Initially, the deal looks to weaken Schlumberger’s margin due to the lower margins in Cameron’s businesses, Sill said.
Cameron has estimated 2016 EBITDA margins of 16.3% compared to Schlumberger’s 27.7%. Combined, Sill said the companies would generate an estimated margin of 25.7%.
“Achieving the $300 million-$600 million synergies would result in 26.3%-27% margins, based on our preliminary numbers,” he said.
The Bet
Tudor, Pickering, Holt & Co. called the transaction a “strategic bet” in oilfield manufacturers and deepwater activity with OneSubsea the prime driver of the deal.
The transaction “clearly makes sense as deepwater development costs need to move step-function lower and a big part of existing SLB portfolio is deepwater levered,” the firm said.
It also marries Cameron and Schlumberger’s technology and expertise in what Schumm called a “natural progression” for Schlumberger.
Schlumberger brings globally recognized subsurface and wellbore prowess to “the number two player in a growing subsea equipment market,” he said.
Sill said there had been speculation that Schlumberger and Cameron might make a deal in light of their business relationship.

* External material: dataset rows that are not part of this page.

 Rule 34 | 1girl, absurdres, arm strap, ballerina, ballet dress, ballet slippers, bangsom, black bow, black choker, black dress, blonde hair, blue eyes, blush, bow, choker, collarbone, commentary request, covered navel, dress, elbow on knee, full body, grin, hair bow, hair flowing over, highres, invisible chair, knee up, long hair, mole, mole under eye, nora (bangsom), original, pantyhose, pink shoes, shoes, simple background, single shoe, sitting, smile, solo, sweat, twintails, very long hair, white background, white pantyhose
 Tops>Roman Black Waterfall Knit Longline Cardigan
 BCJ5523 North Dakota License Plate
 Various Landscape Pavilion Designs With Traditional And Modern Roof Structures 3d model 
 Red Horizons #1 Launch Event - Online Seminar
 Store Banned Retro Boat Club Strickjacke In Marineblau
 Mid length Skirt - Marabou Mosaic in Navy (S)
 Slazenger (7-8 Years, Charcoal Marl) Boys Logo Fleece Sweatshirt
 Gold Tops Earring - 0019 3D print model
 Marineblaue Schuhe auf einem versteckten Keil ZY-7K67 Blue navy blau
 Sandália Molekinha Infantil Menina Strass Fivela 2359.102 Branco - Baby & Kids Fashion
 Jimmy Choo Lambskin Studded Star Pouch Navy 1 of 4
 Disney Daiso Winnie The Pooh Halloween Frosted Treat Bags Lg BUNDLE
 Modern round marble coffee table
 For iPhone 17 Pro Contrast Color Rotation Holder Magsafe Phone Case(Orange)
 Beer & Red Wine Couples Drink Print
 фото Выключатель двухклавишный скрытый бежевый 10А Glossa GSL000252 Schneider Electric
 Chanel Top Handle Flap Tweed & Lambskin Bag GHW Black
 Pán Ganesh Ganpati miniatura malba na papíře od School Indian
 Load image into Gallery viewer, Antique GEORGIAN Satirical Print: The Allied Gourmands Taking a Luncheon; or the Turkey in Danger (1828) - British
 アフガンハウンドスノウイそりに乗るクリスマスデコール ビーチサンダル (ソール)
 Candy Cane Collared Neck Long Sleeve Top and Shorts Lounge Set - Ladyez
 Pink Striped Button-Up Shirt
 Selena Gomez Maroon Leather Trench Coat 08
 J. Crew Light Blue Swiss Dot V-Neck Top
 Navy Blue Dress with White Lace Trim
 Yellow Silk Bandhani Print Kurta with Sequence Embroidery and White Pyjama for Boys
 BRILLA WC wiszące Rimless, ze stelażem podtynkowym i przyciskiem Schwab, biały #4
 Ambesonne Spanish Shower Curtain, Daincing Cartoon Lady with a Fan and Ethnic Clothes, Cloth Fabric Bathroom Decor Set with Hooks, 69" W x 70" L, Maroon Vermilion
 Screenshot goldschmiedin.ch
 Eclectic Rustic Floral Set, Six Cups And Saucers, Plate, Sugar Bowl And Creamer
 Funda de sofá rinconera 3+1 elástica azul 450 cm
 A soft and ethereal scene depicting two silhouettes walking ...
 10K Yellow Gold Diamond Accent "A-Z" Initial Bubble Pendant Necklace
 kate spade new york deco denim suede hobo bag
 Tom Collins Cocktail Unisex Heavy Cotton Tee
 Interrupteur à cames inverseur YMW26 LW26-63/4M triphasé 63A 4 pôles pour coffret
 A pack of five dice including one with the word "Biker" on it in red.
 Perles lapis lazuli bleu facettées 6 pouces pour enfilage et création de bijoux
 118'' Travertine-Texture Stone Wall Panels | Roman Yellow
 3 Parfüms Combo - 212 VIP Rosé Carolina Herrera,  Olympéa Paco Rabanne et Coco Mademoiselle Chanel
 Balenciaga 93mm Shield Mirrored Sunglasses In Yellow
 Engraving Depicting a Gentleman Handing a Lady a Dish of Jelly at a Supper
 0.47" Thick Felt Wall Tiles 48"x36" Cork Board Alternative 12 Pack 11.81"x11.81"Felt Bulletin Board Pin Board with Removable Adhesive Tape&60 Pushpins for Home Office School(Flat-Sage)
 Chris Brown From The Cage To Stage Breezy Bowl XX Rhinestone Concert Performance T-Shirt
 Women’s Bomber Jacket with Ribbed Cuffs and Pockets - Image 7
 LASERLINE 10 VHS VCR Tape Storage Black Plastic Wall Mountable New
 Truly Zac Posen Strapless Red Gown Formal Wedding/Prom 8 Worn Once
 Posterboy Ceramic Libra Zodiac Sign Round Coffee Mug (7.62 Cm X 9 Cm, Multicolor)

Schlumberger is a frequent buyer of its JV partners, such as Smith International Inc.
Schlumberger will transform into a more broadly dual manufacturing and service company that makes valves and rig equipment such as BOPs.
“With a few business lines as exceptions, SLB has generally been a service and technology-oriented company and has not shown interest in ‘making things,’” Sill said.
But underlying those new products and services is a long-term tactical plan.
“Schlumberger plans a blueprint of what it did with Smith International, but this time on the surface,” said James Crandell, senior research analyst, Cowen & Co. “Schlumberger would automate and run Cameron equipment with software.”
Cameron’s drilling systems would be a feeder into Schlumberger’s land strategy and give a push to performance based work, he said.
“This would be the first integrated drilling and production systems,” Crandell said.
Kibsgaard said the acquisition allows for technology-led growth through integration of Schlumberger’s reservoir and well technology and Cameron’s wellhead and surface technology.
“We believe this combination will launch a new era of complete drilling and production system performance,” he said.
Cost savings can allow the companies to do more together through efficiency, improvements in operating costs, supply chain performance and engineering and manufacturing processes.
“Although current industry conditions are challenging, the timing of this transaction will provide the combined company the time required to be optimally positioned for the market recovery,” he said.
The M&A Portal
Clearly, Schlumberger will have some mopping to do after the merger.
Some components of Cameron don’t appear to be strategic to Schlumberger and could be divested down the road, Herbert said.
Schumm said antitrust laws likely won’t be a concern since Schlumberger has been strategic in acquisitions to avoid scrutiny and usually acquires emerging companies with cutting-edge technology.
“With SLB-CAM, there is not much in the way of overlapping businesses, and therefore, we do not envision an overly difficult antitrust review,” he said.
The merger’s impact could potentially open a new round of M&A in the industry, said Daniel R. Leben, analyst, Robert W. Baird & Co.
“Against a prolonged range-bound commodity price backdrop, we believe the industry remains primed for further consolidation,” he said.
Capital equipment names most frequently mentioned by analysts include FMC Technologies Inc. (FTI) and subsea service company Dril-Quip Inc. (DRQ). National Oilwell Varco Inc. (NOV) could also draw attention, analysts said.
“As the leader in subsea equipment, however, we don't think FTI can be happy to see Schlumberger go all in on this space,” Schumm said.